Mr. Schweig is not related to him, but when he walks by, Carl calls out: "Hey, Uncle, come show me some love real quick."
Carl was a latchkey kid, Mr. Schweig says later. "He's lonely."
Asked why he hangs out in a group of mostly middle-aged men, Carl says simply that "it's a place to go."
But as Mr. Schweig points out, "he keeps coming back."
Rafal Gerszak/for The Globe and Mail
'We're just like brothers'
David Hauck, the 64-year-old with hep C, has good news. He was nervous the day before, because his doctor's office had left a message for him to call. But when he did, he learned that his viral load for the disease had dropped to zero. "I was so surprised," he says, "I started to cry."
A month later, Mr. Hauck is thinking about his next step. He has been asked to join the steering committee of VANDU (Vancouver and Area Network of Drug Users), a group that works on harm reduction. Since his health has improved, he says, "I'm getting to enjoy the peer role."
He doesn't live nearby, but Mr. Hauck spends most of his time in the Downtown Eastside, checking out local services, reading at the library, and hanging out at the Dudes Club, "because I enjoy the friendships I've made. … Even a high-five to me means a lot."

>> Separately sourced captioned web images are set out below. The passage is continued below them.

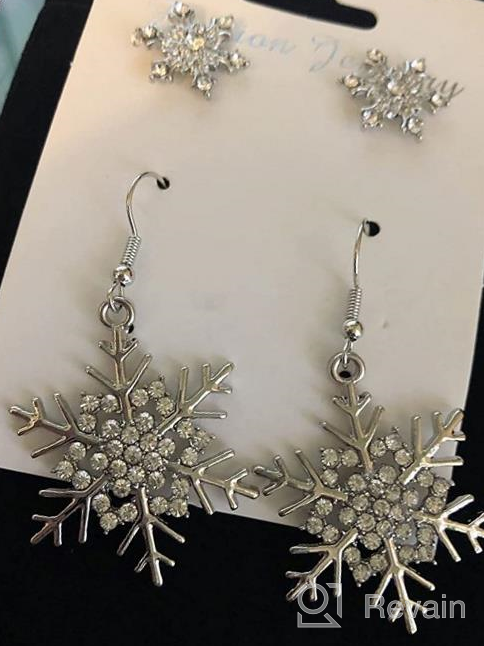 img 1 attached to ❄️ Snowflake Crystal Rhinestone Christmas Earrings for Girls - Stylish Jewelry review by Gary Christon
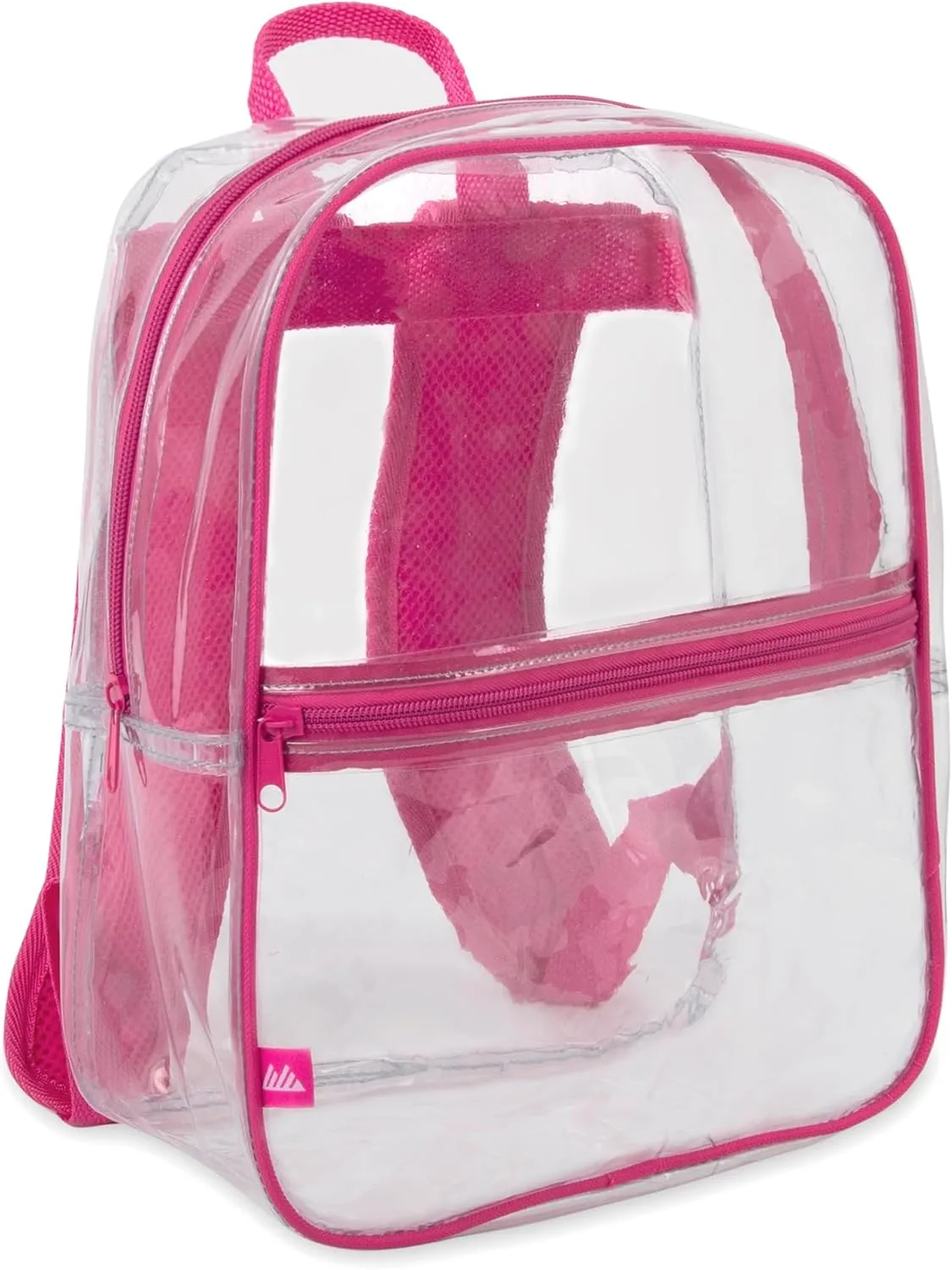 Trail maker Mini Clear Backpack Stadium Approved Small Clear Concert Bag for Work, Commute, Travel and Recreation (Pink)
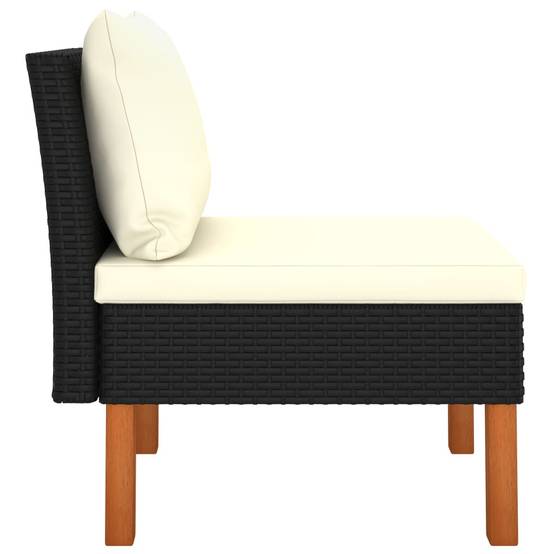 Canapés centraux 2 pcs | Canapé D'extérieur | Sofa De Jardin Résine tressée et bois d'eucalyptus Maison Chic - Image 5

Mr. Wilson says the bonding is real: "We're just like brothers, all of us." Back when he had nowhere to sleep but a bedbug-infested mattress in a nearby church, other men used to steal from him, he says.
Now, like Mr. Hauck, he runs into friends wherever he goes, whether lining up for a free meal (sausage and eggs are his favourite) or washing windows for $5 an hour at the Life Skills Centre around the corner.
As Mr. Wilson finishes a last bite of an ice-cream sandwich, one of the Dudes starts sweeping the floor. Then, the men gather in a circle, arms linked to shoulders. Dr. Gross thanks everyone who helped tonight.
Mr. Charles, the elder, says a prayer in Musqueam (he is one of only six Musqueam people still fluent in their language). The Dudes lower their heads – the gentle sounds, such as hych'ka (thanks), have meaning to these men even if they don't understand all the words.
Mr. Charles closes the meeting in English. "Take care of each other," he says. "It's cold out there."
Adriana Barton is a Vancouver-based reporter at The Globe and Mail who focuses on health issues.